Martin Tankleff awarded $10 million settlement in Suffolk
Suffolk County lawmakers on Thursday approved a $10 million settlement for Martin Tankleff, who served 17 years in prison for killing his parents before an appellate court overturned the conviction in 2007.
The legislature’s Ways and Means Committee voted 5-0 for the settlement, which was recommended by County Attorney Dennis Brown.
“There’s no amount of money that can ever restore my life or give me back everything that I lost,” Tankleff, 46, said late Thursday in a phone interview. The money will allow him to focus on his work on wrongful convictions, including teaching a class at Georgetown University that is examining four cases, he said.
“When I hear people talk about closure, closure isn’t in this. The closest thing to closure that I could accept is if the district attorney sits down with us, and lets us present everything we have on who killed my parents,” Tankleff said, referring to himself and his legal team.
Legislative committee chairwomen Bridget Fleming (D-Noyac) said, “We have to consider the exposure to taxpayers to large verdicts. This seemed like a fair settlement.”
The committee action represented the final vote on the settlement. Large settlements typically are bonded, and the full legislature would have to vote to approve borrowing.
In 1990, Tankleff was sentenced to 50 years to life in prison for bludgeoning and stabbing his parents, Arlene and Seymour Tankleff, to death in their Belle Terre home in 1988, when he was 17.
The conviction was based largely on a confession written by Suffolk detectives, even though Tankleff refused to sign it and repudiated it almost immediately.
In 2007, an appellate court overturned his conviction, ruling that Suffolk County Court Judge Stephen Braslow did not properly consider new evidence brought forth by Tankleff’s legal team.
Tankleff sued Suffolk County in federal court in 2009, claiming detectives who investigated the murder fabricated a false confession and suppressed exculpatory evidence.
Tankleff attorney Bruce Barket said of the settlement amount: “Obviously we thought it was on the low end, but a fair amount or we wouldn’t have agreed to it.”
Barket continued, “He was in jail for 17 1⁄2 years for something he didn’t do.”
Tankleff plans to ask Suffolk District Attorney Timothy Sini to reopen the case into who killed his parents, using new evidence obtained in preparing for the federal civil case, said Barket, who would not detail the evidence.
“Marty’s been exonerated and he wants to bring justice to the people involved,” Barket said.
Tankleff received a $3.375 million settlement from New York State under the Unjust Imprisonment and Conviction Act, according to Emma Freudenberger, an attorney with the New York-based Neufeld Scheck & Brustin, which was lead counsel in the case.
The county does not admit any wrongdoing in the $10 million settlement, but Freudenberger said, “the dollar amount speaks for itself.”
Police and prosecutors originally on the case stood by their original findings.
Leonard Lato, a former Suffolk prosecutor who handled the motions for a new trial and appeals from 2003 to 2007, called it a “bad settlement.
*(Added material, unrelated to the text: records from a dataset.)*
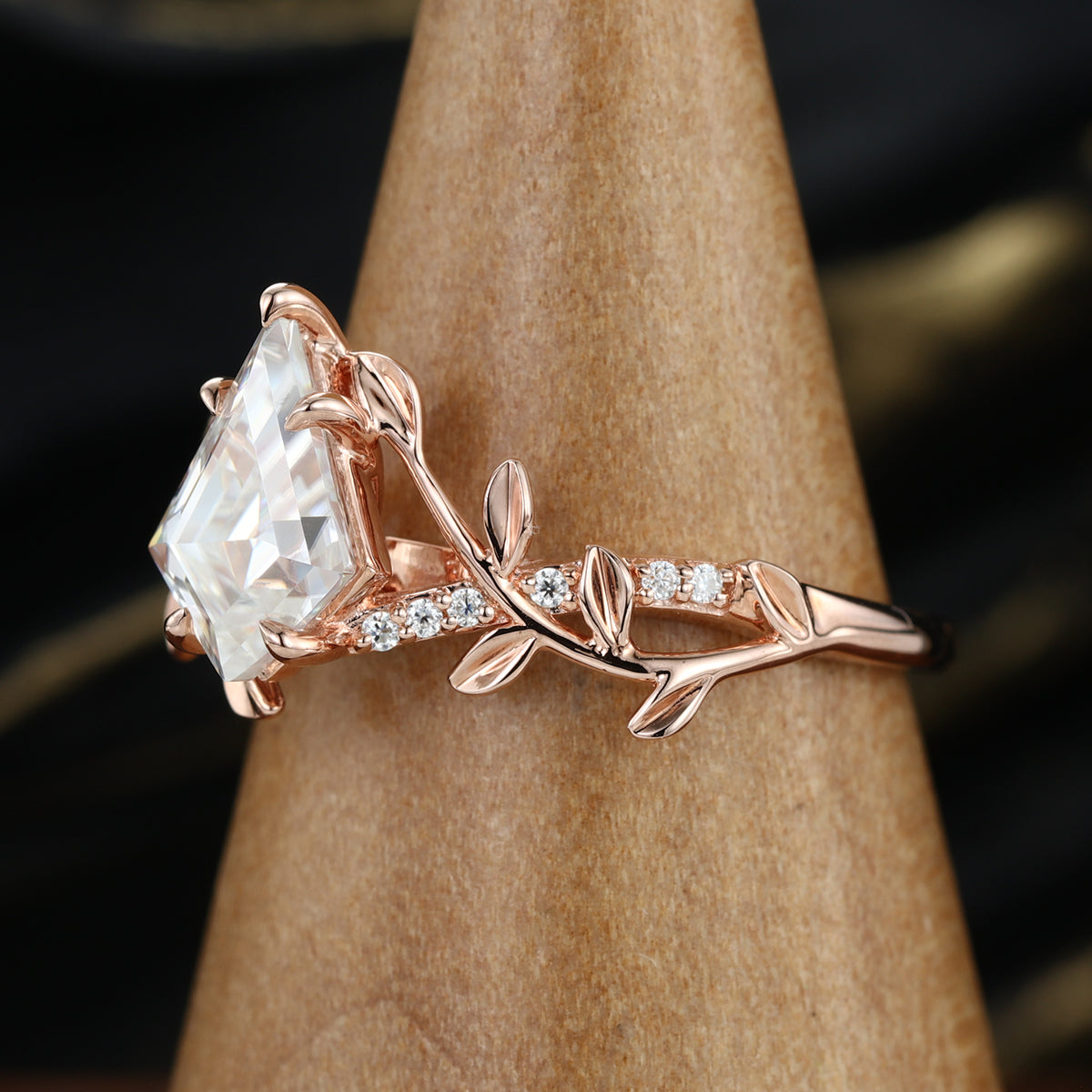 Nature Inspired Kite cut Moissanite Leaf Gold Engagement Ring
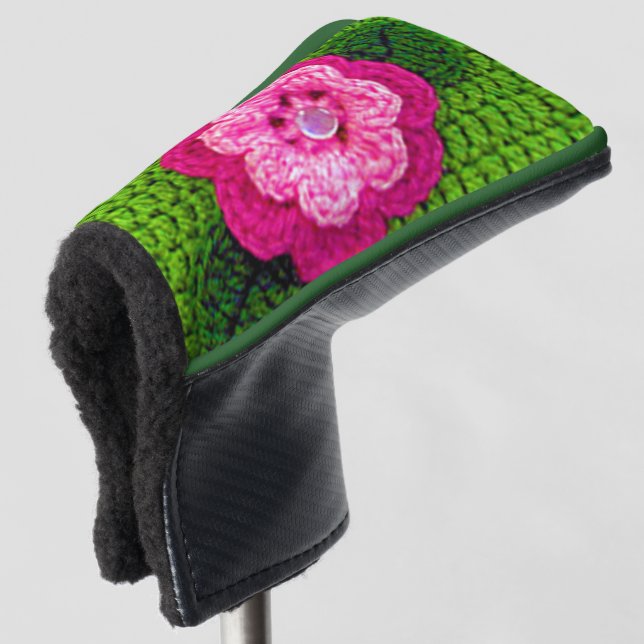 Drucken Sie die Blume in grün rosa. Golf Headcover (3/4 Vorderseite)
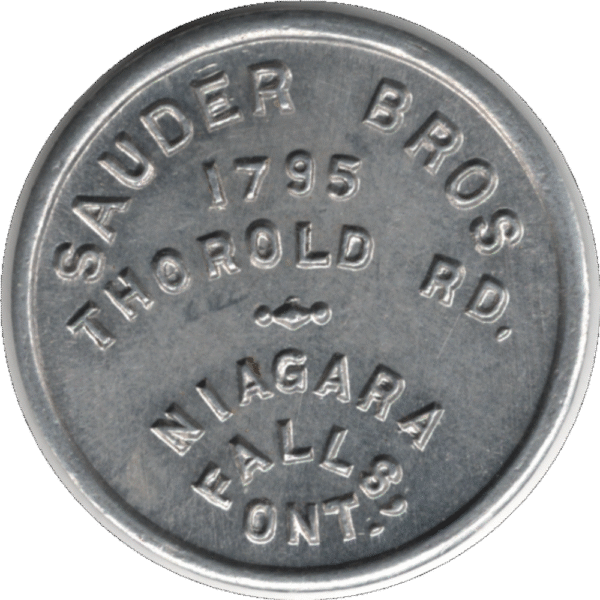 No Date Sauder Bros. Gas Station Token Welland ONT.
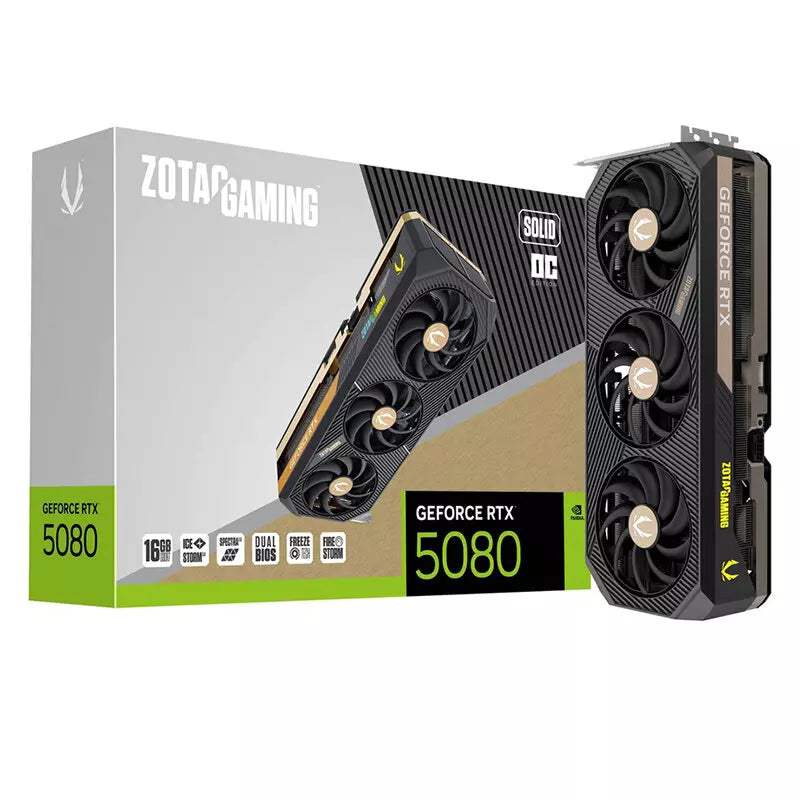 Zotac Gaming GeForce RTX 5080 Solid OC 16GB GDDR7 Graphics Card, DLSS 4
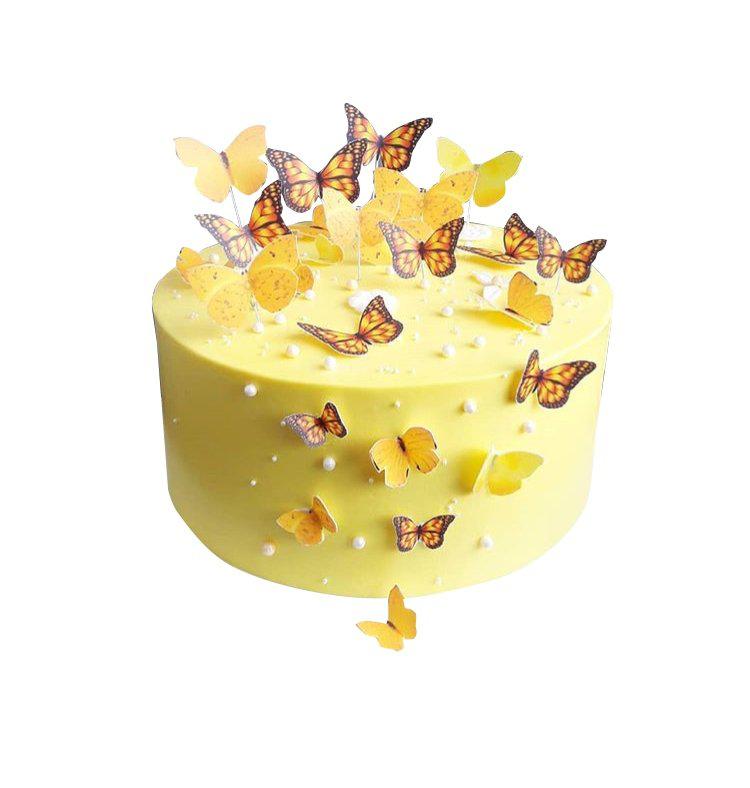 Торт Бабочки на желтом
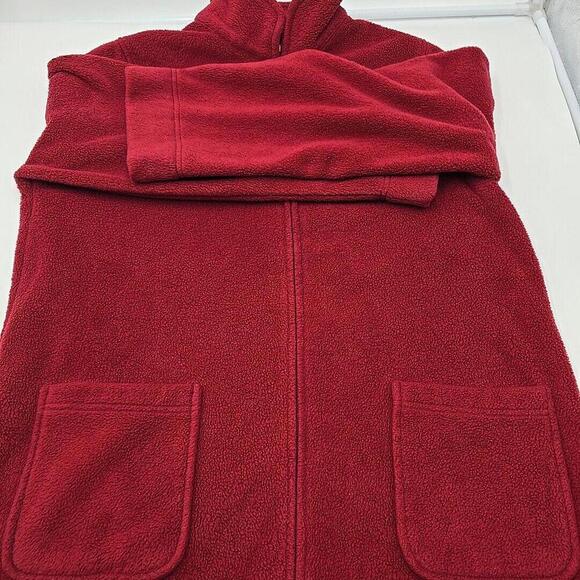 LL Bean Women’s Winter‎ Fleece Robe Grandma Country warm Zip Front Red Size M - Picture 5 of 10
In my view, if the case were tried in front of a federal jury, the jury would have come to the same conclusion that the trial jury did years ago, that Tankleff killed his parents.”
Robert Doyle, a former Suffolk detective sergeant who supervised the team of homicide detectives on the Tankleff murder case, said Thursday: “To this day, I truly believe we had the right man responsible for the deaths of Seymour and Arlene Tankleff. I find the $10 million a complete waste of taxpayer money. And I believe the county should have tried the case.”
Doyle retired in 2010.
Martin Tankleff passed the New York State bar exam in 2017 and plans to become a lawyer, Barket said.
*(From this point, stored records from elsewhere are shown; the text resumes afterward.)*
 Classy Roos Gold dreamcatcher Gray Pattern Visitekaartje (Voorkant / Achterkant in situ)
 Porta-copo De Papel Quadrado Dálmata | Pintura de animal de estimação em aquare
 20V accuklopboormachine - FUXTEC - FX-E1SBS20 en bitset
Brown and County Executive Steve Bellone spokesman Jason Elan declined to comment about the settlement. Sini spokesman Justin Meyers did not respond to a request for comment.
TIMELINE
September 1988. Martin Tankleff, 17, is charged with murder after telling police he found his mother, Arlene, dead and his father, Seymour, bleeding profusely from a neck wound in their Belle Terre home. After police interrogation, Tankleff confesses and almost immediately recants.
June 1990. Tankleff is convicted of two counts of second-degree murder.
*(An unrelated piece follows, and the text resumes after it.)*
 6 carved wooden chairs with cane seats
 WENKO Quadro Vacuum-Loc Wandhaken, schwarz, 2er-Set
October. Tankleff gets 50 years to life in prison.
December 1994. State Court of Appeals denies new trial, ruling the confession was voluntary.
August 2003. Glenn Harris gives Tankleff’s lawyers a sworn statement that he drove Joseph Creedon and Peter Kent to the Tankleff house on the night of the slayings and that Creedon and Kent came out of the house with blood on them. Others come forward to implicate Creedon, Kent and Seymour Tankleff’s former business partner, Jerry Steuerman. None were ever charged.
March 2006. Suffolk judge rejects motion for new trial.
December 2007. Appellate Division orders new trial, citing new evidence “of such character . . . that had such evidence been received at the trial the verdict would have been more favorable to the defendant.”
June 20, 2008: State Attorney General Andrew M. Cuomo drops murder charges against Tankleff.
July 22: A Suffolk judge dismisses the charges against Tankleff, in response to a motion filed by Cuomo.
January 2014: Tankleff settles his false-imprisonment lawsuit with New York State for $3.375 million.
October 2017: A federal judge gives attorneys for Tankleff and Suffolk County until the end of the year to reach a settlement agreement.
April 19, 2018: Suffolk legislative committee approves $10 million settlement for Tankleff.